His new print above is part of the “Unfolding” series, a set of accordion prints from Flecha Books. “The artists are given this format, a folded problem/opportunity,” says Francisco Roca, who in 2018 co-founded the indie press with Leandro Castelao. “We like to think of it a bit like a portfolio piece, something that can capture the graphic essence of the person—as much as that can be done. … When viewers are confronted with these prints, they unfold the artist’s work, hopefully to a pleasing surprise.”
The images are hand-printed in silk, four inks on the front, one on the back. They can be kept closed in a library, unfolded on a shelf or framed on a wall.
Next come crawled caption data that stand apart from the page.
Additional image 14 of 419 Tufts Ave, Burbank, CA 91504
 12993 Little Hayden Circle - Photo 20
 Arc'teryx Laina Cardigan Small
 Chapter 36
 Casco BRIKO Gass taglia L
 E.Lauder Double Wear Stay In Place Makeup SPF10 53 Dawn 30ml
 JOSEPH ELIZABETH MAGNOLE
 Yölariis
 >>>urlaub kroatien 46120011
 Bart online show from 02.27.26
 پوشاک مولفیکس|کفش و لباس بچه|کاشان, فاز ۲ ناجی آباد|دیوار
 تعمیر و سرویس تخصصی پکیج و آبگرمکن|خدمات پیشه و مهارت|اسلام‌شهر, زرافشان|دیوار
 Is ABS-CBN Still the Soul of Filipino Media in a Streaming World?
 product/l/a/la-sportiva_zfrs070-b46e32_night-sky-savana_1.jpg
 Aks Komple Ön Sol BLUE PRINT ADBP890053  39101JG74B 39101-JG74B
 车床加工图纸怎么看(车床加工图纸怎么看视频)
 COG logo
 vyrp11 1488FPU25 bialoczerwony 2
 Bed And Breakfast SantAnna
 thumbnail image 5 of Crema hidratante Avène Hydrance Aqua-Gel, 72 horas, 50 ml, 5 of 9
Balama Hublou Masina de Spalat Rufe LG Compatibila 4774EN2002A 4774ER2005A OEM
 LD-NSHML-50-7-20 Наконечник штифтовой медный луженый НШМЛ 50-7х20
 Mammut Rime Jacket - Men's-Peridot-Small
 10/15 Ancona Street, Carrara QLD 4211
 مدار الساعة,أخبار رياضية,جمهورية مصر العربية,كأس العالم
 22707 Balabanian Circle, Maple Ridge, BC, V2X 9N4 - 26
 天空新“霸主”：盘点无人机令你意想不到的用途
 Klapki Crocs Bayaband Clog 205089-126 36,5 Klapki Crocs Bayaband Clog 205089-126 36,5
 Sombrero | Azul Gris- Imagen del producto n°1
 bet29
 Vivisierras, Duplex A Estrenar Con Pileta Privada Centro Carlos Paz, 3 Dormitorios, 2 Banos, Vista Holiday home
Roca notes that there is more to come: At the end of the year, a new title, Iris Alba: Gráfica, will be out. They are also working on an ephemera book about Buenos Aires bookstore labels, and tracking down Milton Glaser’s only conference appearance/interview given in Buenos Aires in 1987 (a significant event for the community, because it took place just two years after the creation of the graphic design curriculum at the University of Buenos Aires).